--- PROVIDED DATA Enclosed Below ---

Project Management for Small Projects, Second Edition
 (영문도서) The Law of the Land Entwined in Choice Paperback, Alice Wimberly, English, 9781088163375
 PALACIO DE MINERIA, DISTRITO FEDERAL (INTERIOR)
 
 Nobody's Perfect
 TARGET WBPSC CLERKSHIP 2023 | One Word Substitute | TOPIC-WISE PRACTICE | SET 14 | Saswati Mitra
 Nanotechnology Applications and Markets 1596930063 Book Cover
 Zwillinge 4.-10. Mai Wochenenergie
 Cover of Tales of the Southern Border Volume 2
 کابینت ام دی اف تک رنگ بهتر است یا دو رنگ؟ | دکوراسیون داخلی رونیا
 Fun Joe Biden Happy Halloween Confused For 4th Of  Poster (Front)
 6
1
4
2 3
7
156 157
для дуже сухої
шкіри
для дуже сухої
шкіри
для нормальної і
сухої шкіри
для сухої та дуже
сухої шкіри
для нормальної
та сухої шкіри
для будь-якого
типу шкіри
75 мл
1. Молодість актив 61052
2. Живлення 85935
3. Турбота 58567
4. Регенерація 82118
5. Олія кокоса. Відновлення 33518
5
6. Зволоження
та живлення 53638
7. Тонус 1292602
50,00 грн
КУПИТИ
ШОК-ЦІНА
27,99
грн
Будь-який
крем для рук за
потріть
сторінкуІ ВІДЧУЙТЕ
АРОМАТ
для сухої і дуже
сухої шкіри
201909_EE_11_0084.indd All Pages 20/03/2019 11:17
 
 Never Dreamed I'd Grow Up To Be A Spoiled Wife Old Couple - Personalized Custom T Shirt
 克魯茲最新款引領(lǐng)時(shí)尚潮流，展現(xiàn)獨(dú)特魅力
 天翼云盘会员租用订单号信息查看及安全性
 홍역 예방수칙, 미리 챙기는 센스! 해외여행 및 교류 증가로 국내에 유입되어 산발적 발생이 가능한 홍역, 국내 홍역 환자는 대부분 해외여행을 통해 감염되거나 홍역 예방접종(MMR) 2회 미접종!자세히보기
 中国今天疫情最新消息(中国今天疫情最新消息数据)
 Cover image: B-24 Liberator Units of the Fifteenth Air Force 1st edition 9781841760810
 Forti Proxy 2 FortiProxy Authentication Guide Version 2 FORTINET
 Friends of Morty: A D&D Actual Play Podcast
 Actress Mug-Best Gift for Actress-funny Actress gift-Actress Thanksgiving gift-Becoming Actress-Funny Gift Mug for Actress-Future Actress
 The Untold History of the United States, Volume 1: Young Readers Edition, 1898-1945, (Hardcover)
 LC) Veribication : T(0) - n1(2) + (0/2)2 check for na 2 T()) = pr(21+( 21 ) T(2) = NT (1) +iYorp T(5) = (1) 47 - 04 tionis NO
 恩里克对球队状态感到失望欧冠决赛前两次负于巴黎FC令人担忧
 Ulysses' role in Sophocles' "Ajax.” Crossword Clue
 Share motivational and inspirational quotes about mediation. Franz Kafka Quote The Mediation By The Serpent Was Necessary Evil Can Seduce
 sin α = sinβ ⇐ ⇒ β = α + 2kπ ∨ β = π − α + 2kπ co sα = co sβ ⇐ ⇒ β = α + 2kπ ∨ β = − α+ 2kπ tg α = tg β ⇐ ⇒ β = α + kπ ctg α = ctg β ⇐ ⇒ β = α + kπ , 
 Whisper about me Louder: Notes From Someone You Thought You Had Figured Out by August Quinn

--- End of Enclosed PROVIDED DATA ---

Each line with the word "about" in the records above belongs in the result; copy all of them.

 Share motivational and inspirational quotes about mediation. Franz Kafka Quote The Mediation By The Serpent Was Necessary Evil Can Seduce
 Whisper about me Louder: Notes From Someone You Thought You Had Figured Out by August Quinn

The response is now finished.